#### Data for processing ####

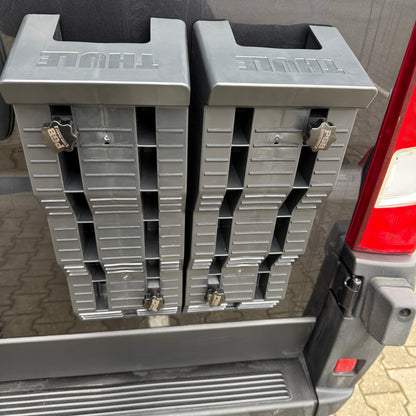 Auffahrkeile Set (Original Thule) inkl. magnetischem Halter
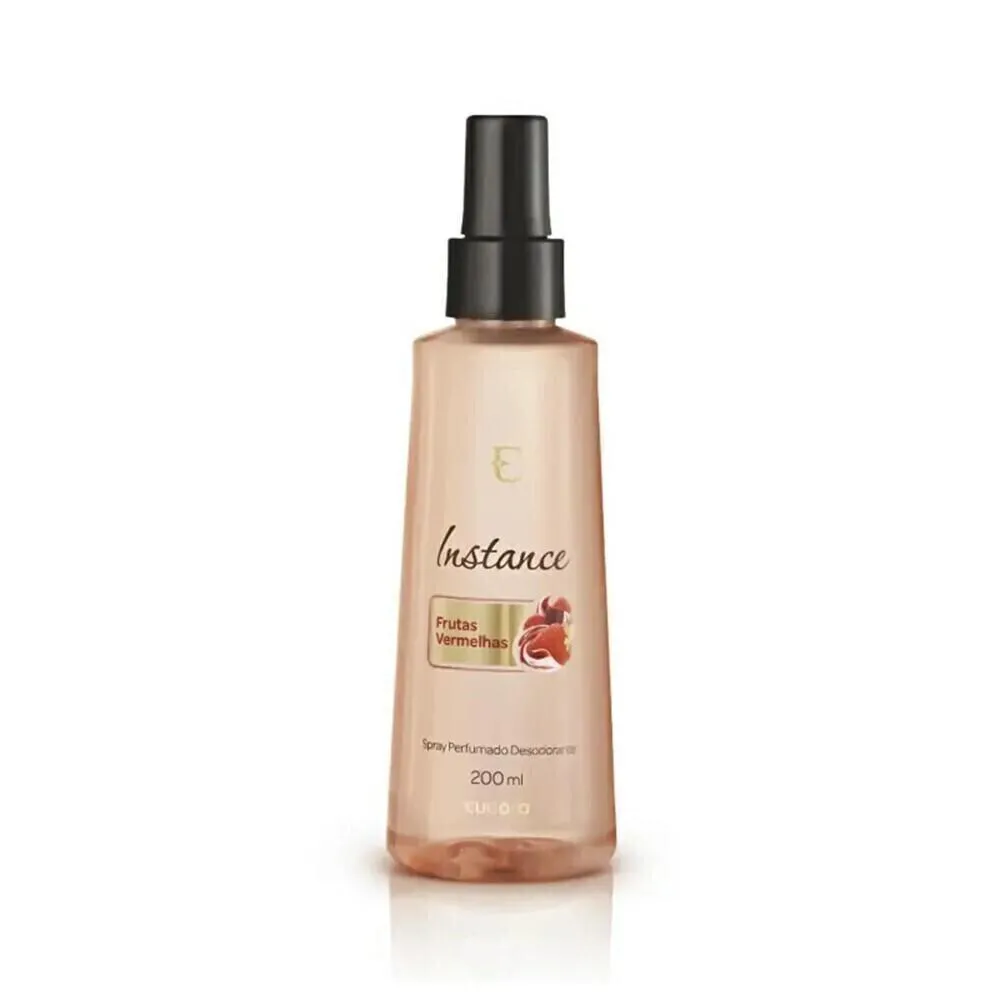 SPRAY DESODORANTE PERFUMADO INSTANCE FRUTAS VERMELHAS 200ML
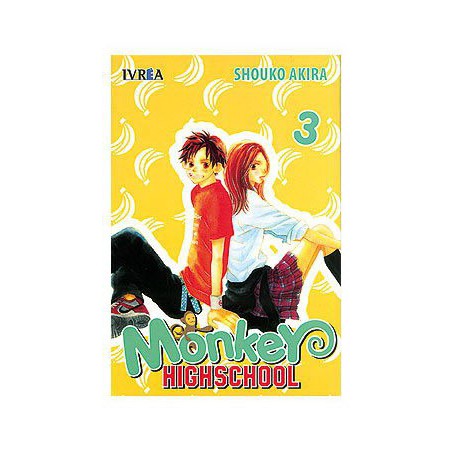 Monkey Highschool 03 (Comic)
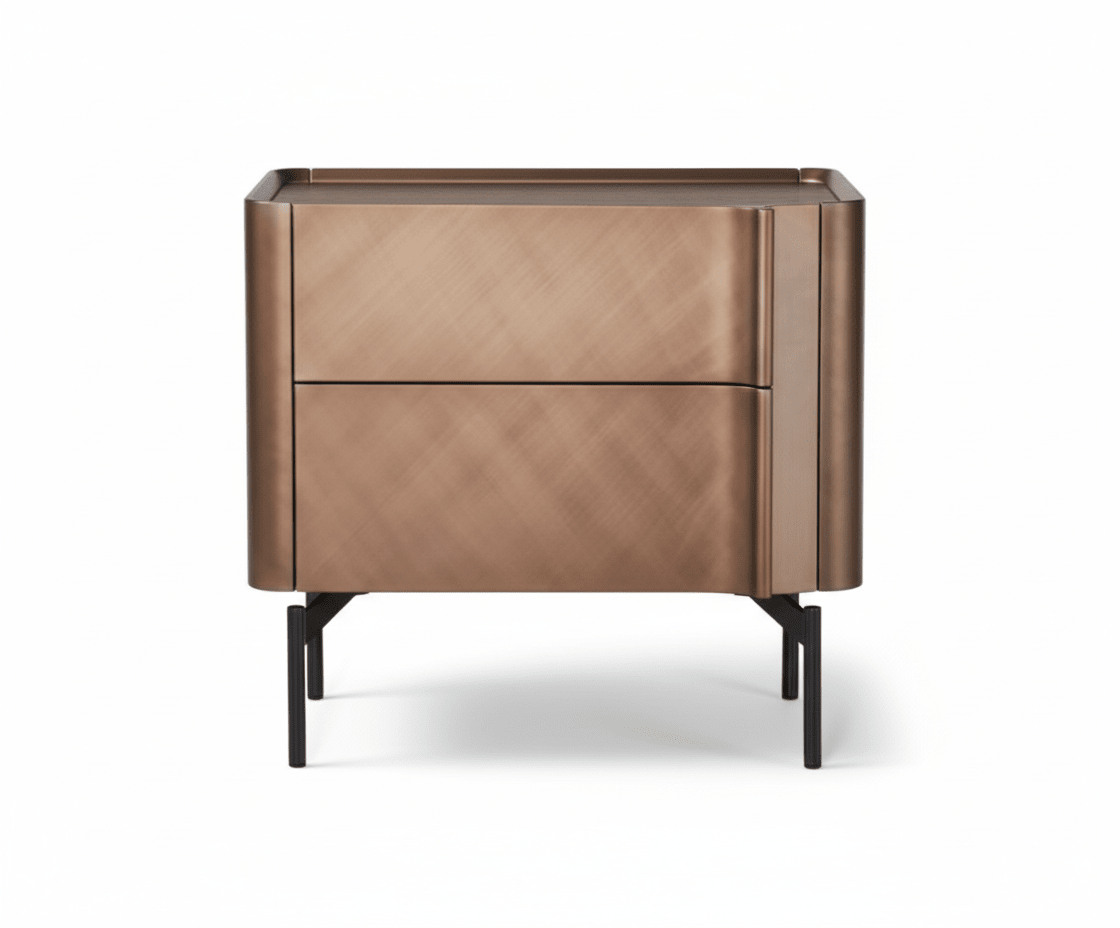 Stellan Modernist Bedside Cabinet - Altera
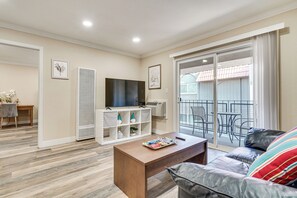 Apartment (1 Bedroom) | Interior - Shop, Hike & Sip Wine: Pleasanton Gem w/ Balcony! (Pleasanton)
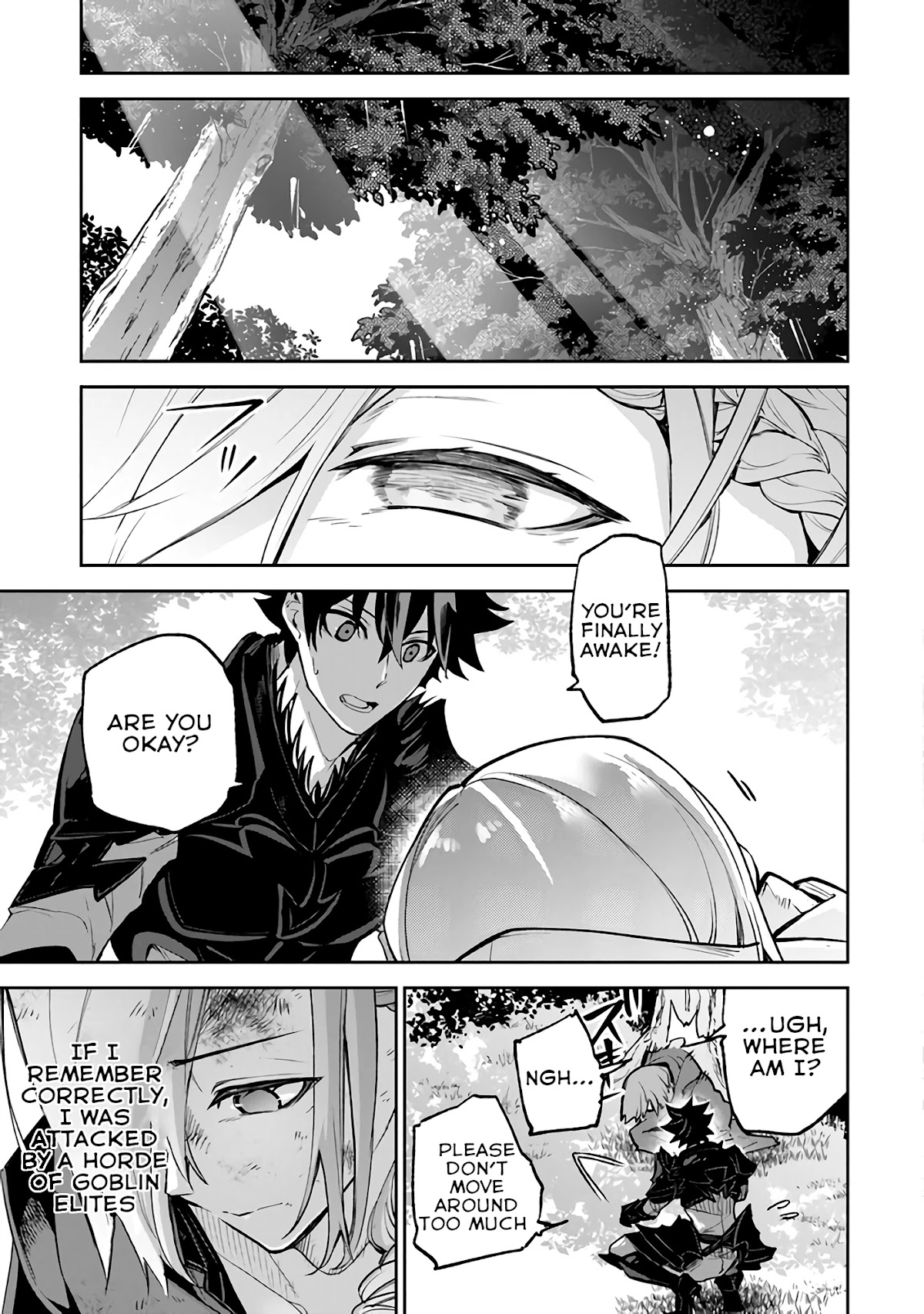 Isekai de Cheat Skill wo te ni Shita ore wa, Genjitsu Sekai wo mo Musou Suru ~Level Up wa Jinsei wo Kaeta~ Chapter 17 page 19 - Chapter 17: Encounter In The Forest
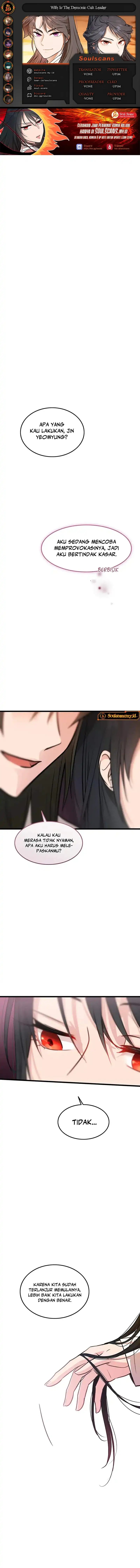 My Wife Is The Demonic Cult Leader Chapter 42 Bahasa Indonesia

####

Could you return each entry word for word, with the images omitted?

 Auffahrkeile Set (Original Thule) inkl. magnetischem Halter
 SPRAY DESODORANTE PERFUMADO INSTANCE FRUTAS VERMELHAS 200ML
 Monkey Highschool 03 (Comic)
 Stellan Modernist Bedside Cabinet - Altera
 Apartment (1 Bedroom) | Interior - Shop, Hike & Sip Wine: Pleasanton Gem w/ Balcony! (Pleasanton)
 Isekai de Cheat Skill wo te ni Shita ore wa, Genjitsu Sekai wo mo Musou Suru ~Level Up wa Jinsei wo Kaeta~ Chapter 17 page 19 - Chapter 17: Encounter In The Forest
 My Wife Is The Demonic Cult Leader Chapter 42 Bahasa Indonesia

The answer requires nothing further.